The Rays wouldn't seem a likely fit given their preternatural protectiveness of information, but they signed him to a minor-league deal without any reservations about having a writer in their clubhouse. And a prolific one at that, who has his own blog (dirkhayhurst.com/blog), is a regular on Twitter (@thegarfoose, with more than 7,200 posts), contributes to several magazines and has about 400 pages written for his second book, on his initial major-league experiences with the Padres and Jays, with a contract to write a third.
"We talked to him about our concerns and he totally ameliorated our concerns by telling us basically how he was going to go about it," manager Joe Maddon said. "And it's not about getting anybody, not about writing about anybody in a nonfiction way or being specific."
Instead, Hayhurst uses an interesting style: making up most names, blurring details and blending characters to create composites (or alleged composites) to provide amusing, entertaining and revealing anecdotes about life in the minors, using them to tell the story of his life (including some deeply personal passages) rather than the team.
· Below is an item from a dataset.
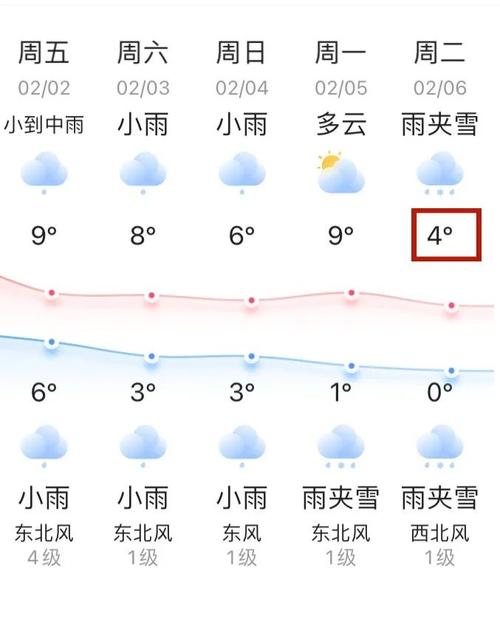 绍兴未来一周天气，绍兴未来一周天气预报-第5张图片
And, just for kicks to create a little more deception, he sprinkles in a few real names — including, in one relatively benign passage, that of pitcher Matt Bush, who was a teammate in the San Diego and Toronto organizations and is again with the Rays. (Bush said he at first was a bit put off but understands and has no problems with Hayhurst.)
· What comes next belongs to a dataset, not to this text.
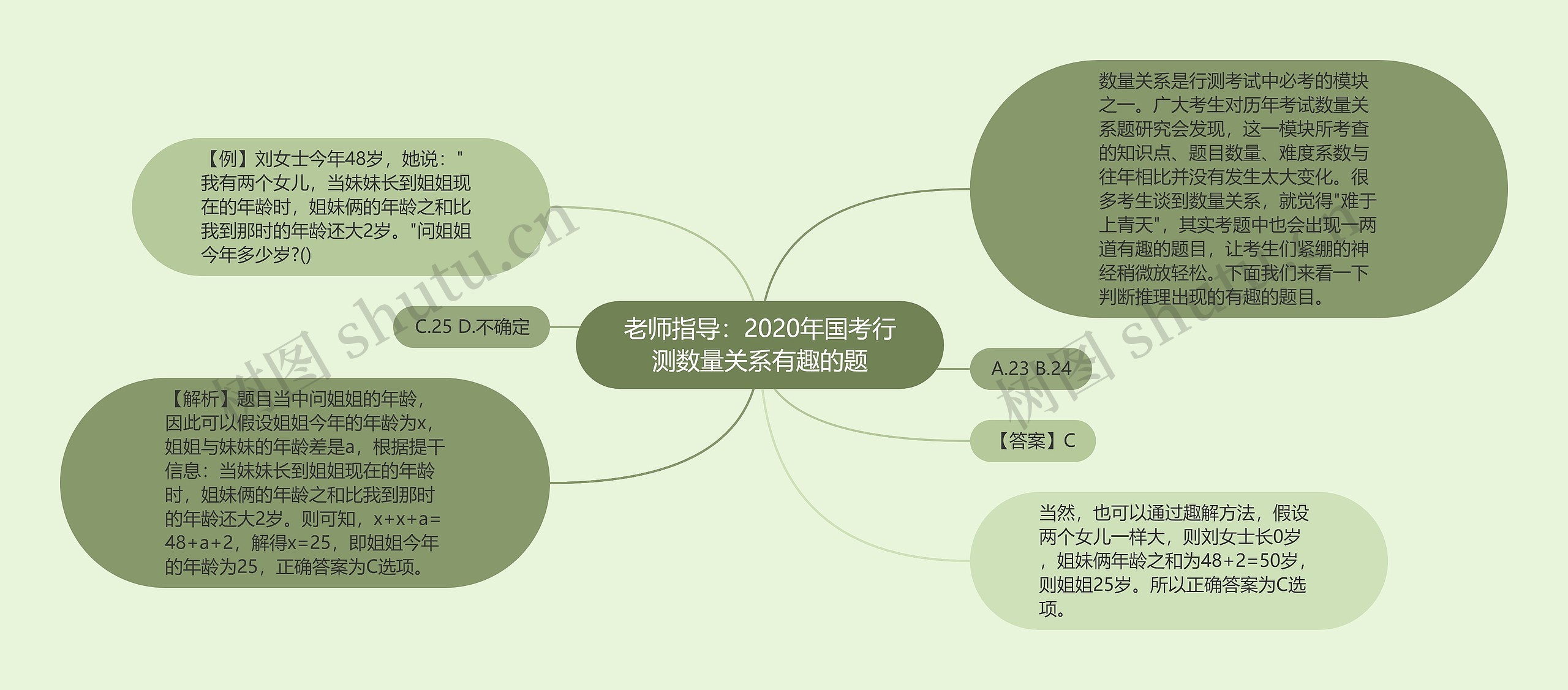 老师指导：2020年国考行测数量关系有趣的题思维导图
That way, Hayhurst said, he can write in great detail — "99 percent of it happened like I said it happened" — and good conscience about minor-league antics and, more so in the next book, major-league escapades, including such activities he considers immoral as players cheating on their wives and doing drugs, without naming names. Or paying the price for doing so.
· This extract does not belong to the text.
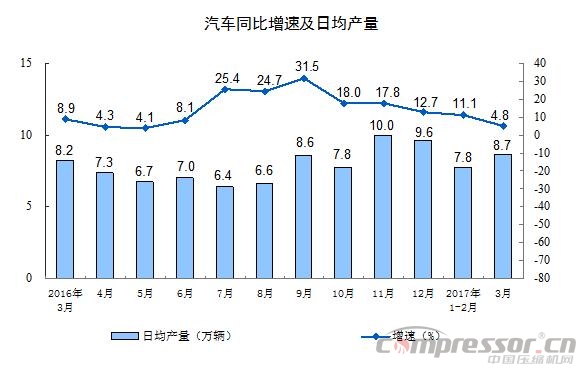 空压机行业需关注：2017年3月份规模以上工业增加值增长7.6%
"I think it's just good common sense: I like to write, and I want to write stories about my life in baseball," Hayhurst said. "While I don't always see eye to eye with some of the behavior that happens in a clubhouse, I will never be the guy that pulls these guys out and ruins their lives. That is a really difficult part, but that is a difficulty I gladly burden. If I would have done that, if I would have been that guy, I would not be here. I would have been blacklisted out of this game."
Rays who have read Hayhurst's first book have talked with him — or have at least listened to him when he spoke during last week's media training about his social media practices — and seem comfortable trusting him and his process.
"I'm not going to watch what I say or do around him," pitcher David Price said. "I feel like he respects everyone in here's privacy."
"I think the understanding is that he's a player first and a writer second," third baseman Evan Longoria said, "and that he has enough respect for the game that he's not trying to throw anybody under the bus. …
"There could be anybody in here that's writing a book; it could be B.J. Upton. Of course, you think about all the things you've said around people, but you would think that guys respect you and respect the game more than just writing something to make a dollar."
Though he and the Rays discussed "parameters," Hayhurst said he "didn't sign an affidavit," and depending on how long he is with the Rays and what his experience is like, the next book could be about his time with them.
"But it would never be about the Rays to expose the Rays," Hayhurst said. "It would just be because it was part of my life story, and I want to continue to write my life story. That's how I've done it in the other books. Baseball has always been a vehicle for the story of things that happened in my life, and that's how it would be here."